Task to complete: Repeat the lines from the one containing "-0.5 handicap asiático" through the last line of the data, exactly, pictures omitted.

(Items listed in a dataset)
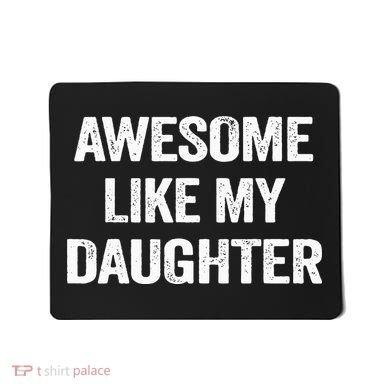 Awesome Like My Daughter Funny Fathers Day Dad Mousepad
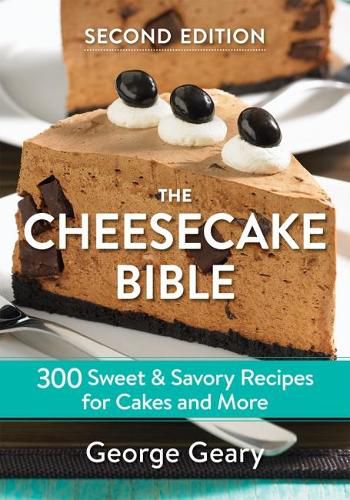 Cover image for The Cheesecake Bible: 300 Sweet and Savory Recipes for Cakes and More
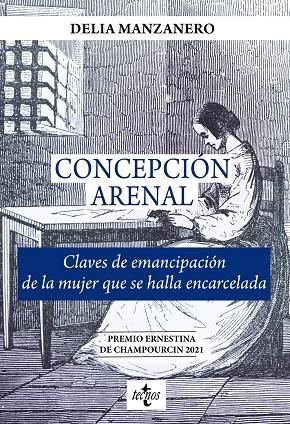Concepción Arenal. Claves de emancipación de la mujer que se halla encarcelada | 9788430987207 | Manzanero Fernández, Delia María | Llibreria online de Figueres i Empordà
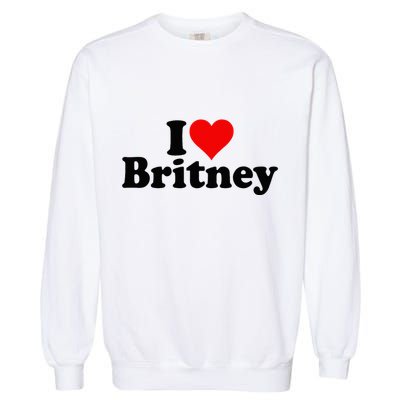 I Love Heart B.R.I.T.N.E.Y Garment-Dyed Sweatshirt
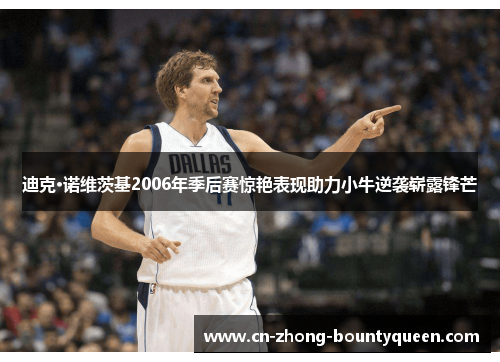 迪克·诺维茨基2006年季后赛惊艳表现助力小牛逆袭崭露锋芒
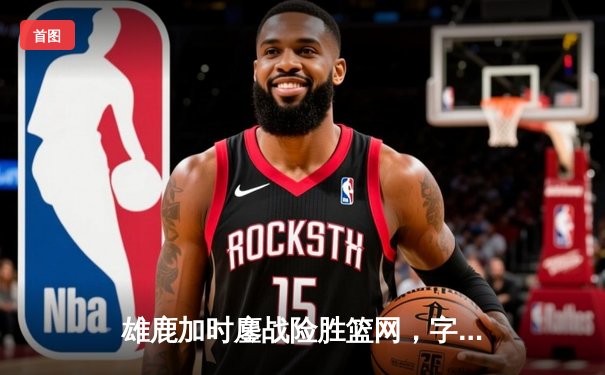 雄鹿加时鏖战险胜篮网，字母哥44分14篮板制霸内线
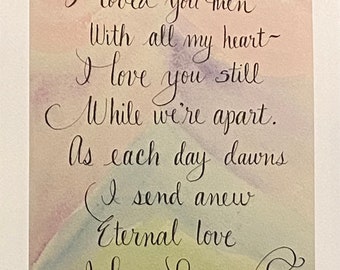 Somber Sympathy Love Poem, Condolence Gift, Lovers Apart, Loss of Mom Dad Grandma Grandpa Friend / Print of My Poem on Watercolor Background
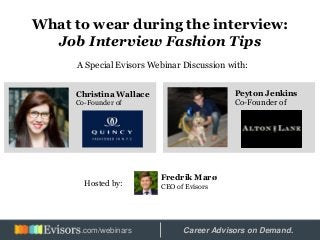 What to wear during the interview:
Job Interview Fashion Tips
A Special Evisors Webinar Discussion with:
Christina Wallace
Co-Founder of
Peyton Jenkins
Co-Founder of
Fredrik Marø
CEO of EvisorsHosted by:
Hosted by: Career Advisors on Demand..com/webinars
 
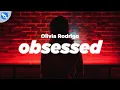Download Lagu Olivia Rodrigo - obsessed (Clean - Lyrics)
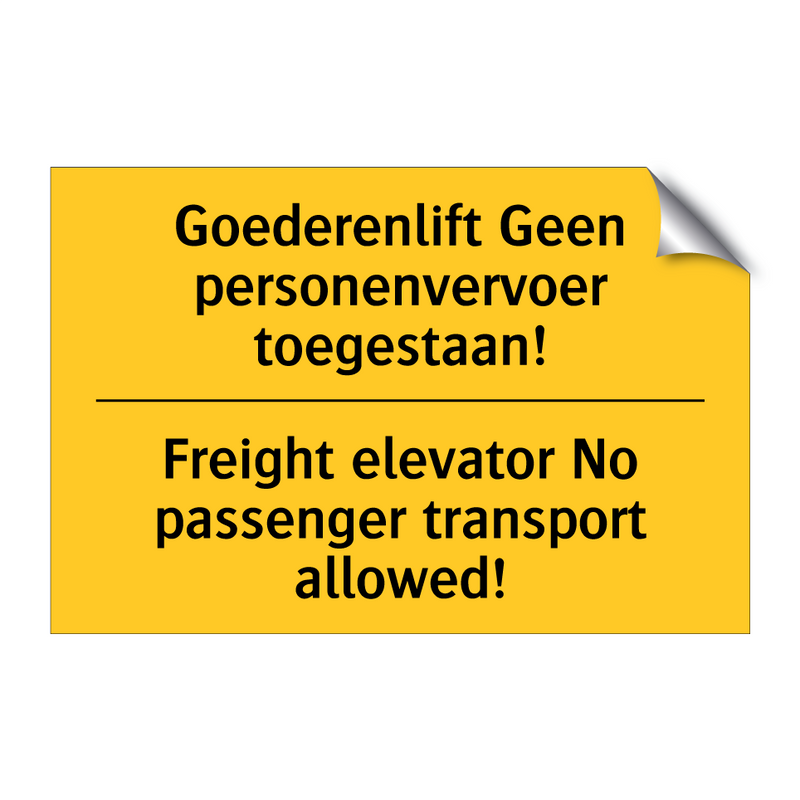 Goederenlift Geen personenvervoer toegestaan! - Freight elevator No passenger transport allowed!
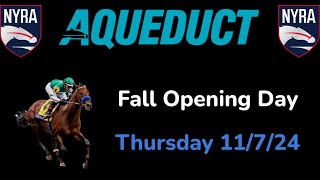 Aqueduct Thursday 117 Selections  Fall Opening Day Card [upl. by Ardie761]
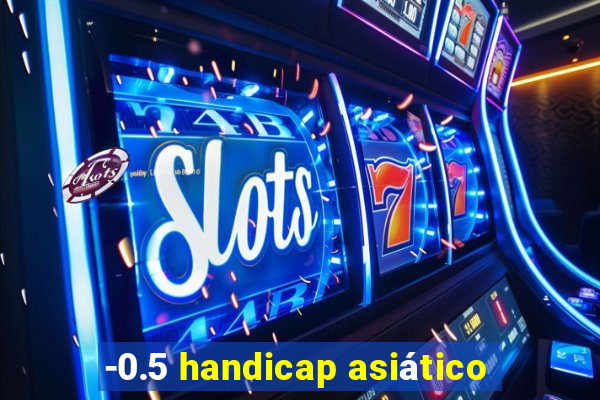 -0.5 handicap asiático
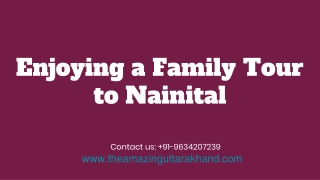 Enjoying a Family Tour to Nainital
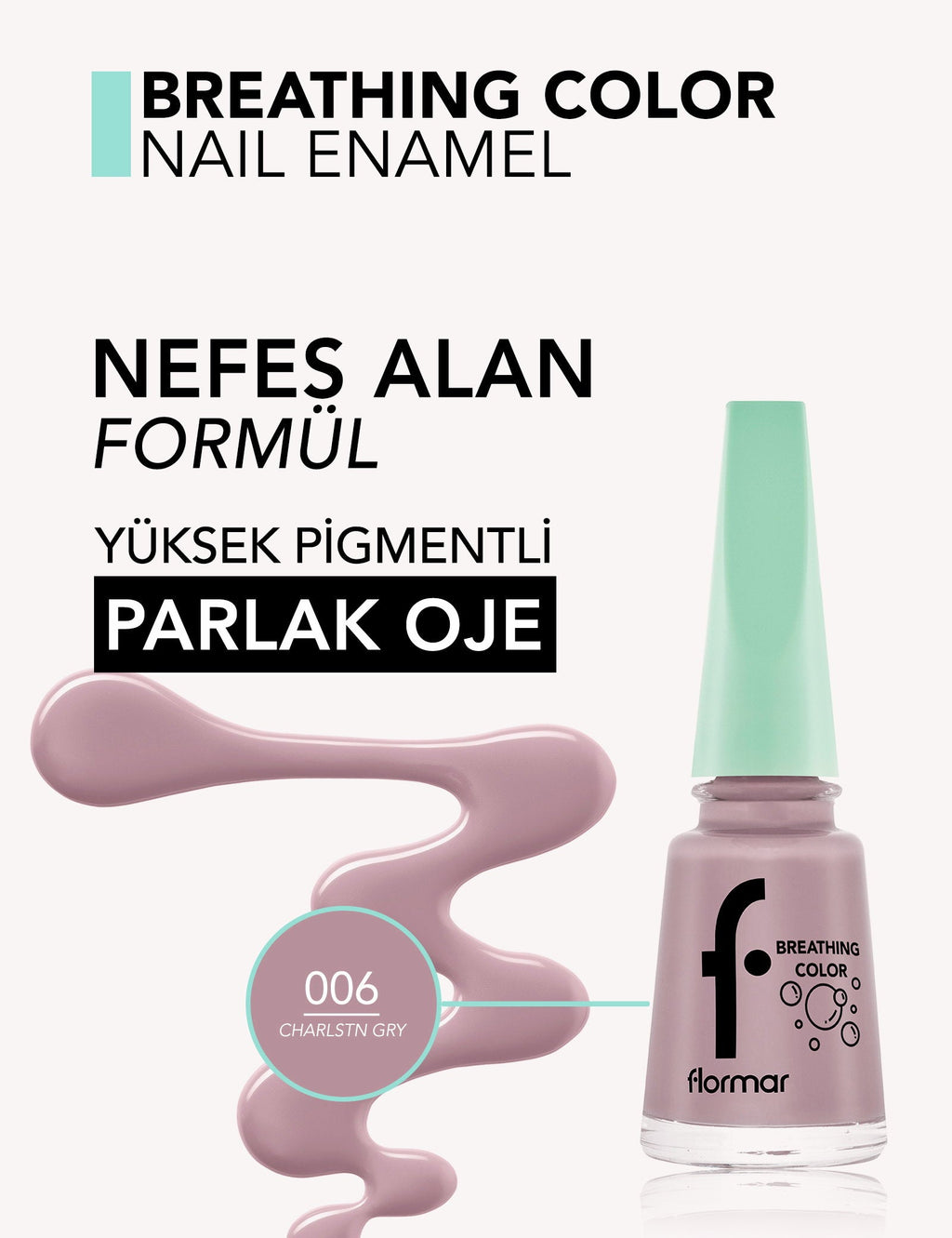 Flormar Breathing Color High-Pigment Breathable Nail Polish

Answer section:
 -0.5 handicap asiático
 Enjoying a Family Tour to Nainital
 Flormar Breathing Color High-Pigment Breathable Nail Polish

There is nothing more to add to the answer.